Hay un ruido sordo que no cesa. No viene del tráfico, ni de las obras, ni siquiera del vecino que arrastra muebles cada madrugada como si estuviera buscando la paz interior debajo del sofá. Es otro ruido, más invisible y más cansado: el ruido de las opiniones. Opiniones que se vierten como agua de una jarra rota. Acampados en la sección de Comentarios, opinando sin diálogo, sin escucha, sin intercambio y sin asimilar lo que otros, también, tienen cosas que decir.
Vivimos en la era del comentario automático. La gente se lanza al teclado, a desahogarse, como quien se lanza a la piscina sin comprobar si hay agua. En cualquier artículo de opinión, vídeo o hilo de red social, no es raro encontrar más reacciones que lecturas atentas. Se responde a titulares sin haber llegado al segundo párrafo. Se rebate a personas que no se han entendido, y muchas veces, ni siquiera se ha intentado.
Uno se pregunta, a veces, si queda alguien que escuche. Escuchar de verdad. Escuchar sin pensar, como yo escucho a Bob Pop, a Aimar Bretos cuando abre su programa o el Deforme Semanal. Sin pensar en la réplica o en lo que vas a decir después. Escuchar con la pausa que merece quien se ha tomado el trabajo de hablar con honestidad.
Pero el mundo tiene prisa…
Vivimos encadenados al consumo exprés de contenidos. Dicen que se han visto «todas las series», que se leen «diez periódicos al día», que se escuchan «cuatro podcasts a la vez», mientras se cocina, se responde correos y se piensa, al mismo tiempo, en lo que se va a publicar en la próxima historia de Instagram. Nos tragamos las palabras pero no las masticamos. Y así es como se nos indigestan las ideas.
El problema no es opinar. El problema es opinar sin haber reflexionado. O peor aún: sin saber cómo reflexionar. Porque reflexionar exige algo que hoy escasea más que el oro: tiempo y silencio. Requiere quedarnos a solas con lo leído, dejar que la tinta de las palabras se seque por dentro, permitirnos disentir sin rabia, asentir sin euforia.
Y aquí aparece el gran olvidado de nuestra era: el silencio. No el silencio incómodo, ese que algunos temen como si fuera una condena. No. Me refiero al silencio fértil. El que permite que algo germine dentro. El que hace hueco para entender, para comprender, para —de vez en cuando— cambiar de opinión. Qué lujo, cambiar de opinión.
Quizás deberíamos reivindicar la pausa como acto revolucionario. Pararse a escuchar una voz ajena, sin interrumpirla mentalmente. Leer algo sin necesidad de decir nada después. No correr hacia la caja de comentarios. No competir por decir la última palabra, sino intentar entender la primera.

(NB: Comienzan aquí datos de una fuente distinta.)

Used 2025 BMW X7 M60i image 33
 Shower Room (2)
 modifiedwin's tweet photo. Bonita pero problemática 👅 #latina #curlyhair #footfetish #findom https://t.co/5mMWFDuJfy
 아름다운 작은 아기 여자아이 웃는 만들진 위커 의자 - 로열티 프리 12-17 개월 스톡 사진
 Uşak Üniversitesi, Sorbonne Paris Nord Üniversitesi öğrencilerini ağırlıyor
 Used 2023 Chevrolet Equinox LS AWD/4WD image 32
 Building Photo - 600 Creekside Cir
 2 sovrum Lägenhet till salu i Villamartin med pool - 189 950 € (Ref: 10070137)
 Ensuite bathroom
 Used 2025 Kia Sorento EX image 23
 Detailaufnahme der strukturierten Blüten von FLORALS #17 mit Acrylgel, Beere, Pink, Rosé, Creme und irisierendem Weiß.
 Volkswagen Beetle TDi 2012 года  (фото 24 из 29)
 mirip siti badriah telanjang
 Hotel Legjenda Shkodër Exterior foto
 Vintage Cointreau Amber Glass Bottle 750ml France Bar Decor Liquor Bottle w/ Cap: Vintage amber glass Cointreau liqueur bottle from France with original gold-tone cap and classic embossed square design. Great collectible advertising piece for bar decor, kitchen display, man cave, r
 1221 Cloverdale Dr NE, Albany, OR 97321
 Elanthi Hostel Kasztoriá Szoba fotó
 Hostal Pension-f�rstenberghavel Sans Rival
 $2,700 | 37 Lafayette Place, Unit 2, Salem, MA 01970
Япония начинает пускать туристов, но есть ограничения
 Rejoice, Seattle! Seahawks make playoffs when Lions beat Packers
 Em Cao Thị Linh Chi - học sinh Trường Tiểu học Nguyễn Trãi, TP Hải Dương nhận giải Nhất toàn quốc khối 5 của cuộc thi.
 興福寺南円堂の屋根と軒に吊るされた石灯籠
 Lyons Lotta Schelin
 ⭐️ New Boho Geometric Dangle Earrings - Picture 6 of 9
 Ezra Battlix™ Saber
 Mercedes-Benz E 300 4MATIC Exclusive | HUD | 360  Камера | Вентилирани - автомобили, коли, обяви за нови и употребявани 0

Volver al arte del “esperar para hablar”. A dejar que los pensamientos se posen como polvo sobre una superficie quieta. Porque, ¿de qué sirve tanto ruido si no somos capaces de oírnos ni a nosotros mismos?
En tiempos donde todo urge, escuchar es un acto de resistencia. Y hacer silencio, una forma de cuidar el mundo.